THAI firm SSI will announce next month when it will start producing steel on Teesside – with hopes that up to 300 more jobs could also be created.
SSI completed the £291m takeover of Redcar’s Teesside Cast Products site in March after the blast furnace was mothballed a year earlier with the loss of more than 700 jobs.
SSI has said that a production start date for the site would be confirmed within weeks and that it was considering creating up to 1,100 jobs – 300 more than previously announced.
Phil Dryden, CEO of SSI UK, said: “It will be the middle of next month before we know when we are going live. I’d imagine that between mid-July and the end of July we will be in a position to say: ‘this will be the start date’.”
At the time of the TCP acquisition, SSI had earmarked a start date some time in the final quarter of this year.
But Dryden has said he did not want the plant to rush into production before completing a major re-commissioning scheme – which involves a reconstruction of the inside of the blast furnace – that would give the plant a longer shelf life.
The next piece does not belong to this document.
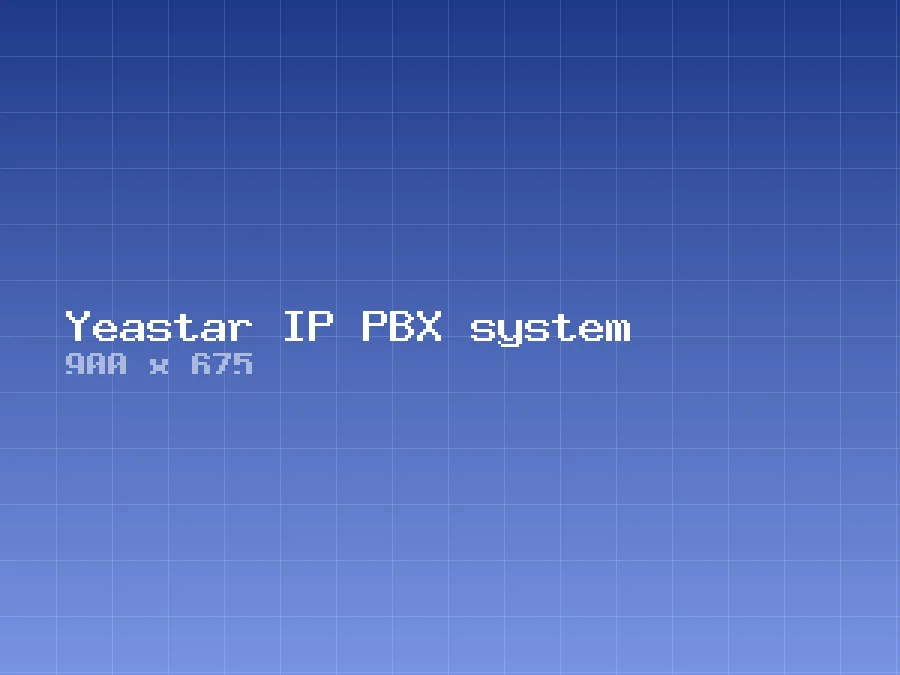 Yeastar IP PBX system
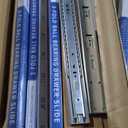 Soft Close Ball Bearing Drawer Slides 20 Inch, 5 Pairs 3-Section Full Extension Drawer Glides Heavy Duty Steel Side Mount Rails for Kitchen CabinetTool ChestOffice Furniture100 LBS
“Every day we are not making steel is costing us money,” he said. “But if we started the plant in the same condition as when it closed, this would not be a successful business long- term. It is not just a restart – it is a major refurbishment.”
Unions welcomed the news that there may be more jobs created at the plant, which was mothballed after an international consortium walked away from a ten-year deal to buy most of TCP’s output after four years.
Geoff Waterfield, chairman of the multi-union works committee on Teesside, said: “In the initial stages, the numbers will be what they were before.
But Mr Win and SSI have plans for expansion and a long-term future – and that takes more staff.”
And this week, Tata Steel, which sold the plant to Tata, was paid £80m by the consortium of buyers which pulled out of the supply agreement.
The Indian company said it received the payment after an arbitration panel found that the consortium of four companies had broken the terms of the agreement.
The consortium – Duferco of Switzerland, Marcegaglia from Italy, South Korea’s Dongkuk and Ternium of Argentina – quit the deal after the world market for steel plunged in the global recession.
The original agreement had been drawn up in 2004 between the consortium and Anglo-Dutch steelmaker Corus, who sold the TCP business which employed 1,700 staff, to Tata three years later.
The arbitration panel had heard how the plant was shut in February 2010 when Tata failed to find new buyers to replace the consortium after it failed to honour the contract.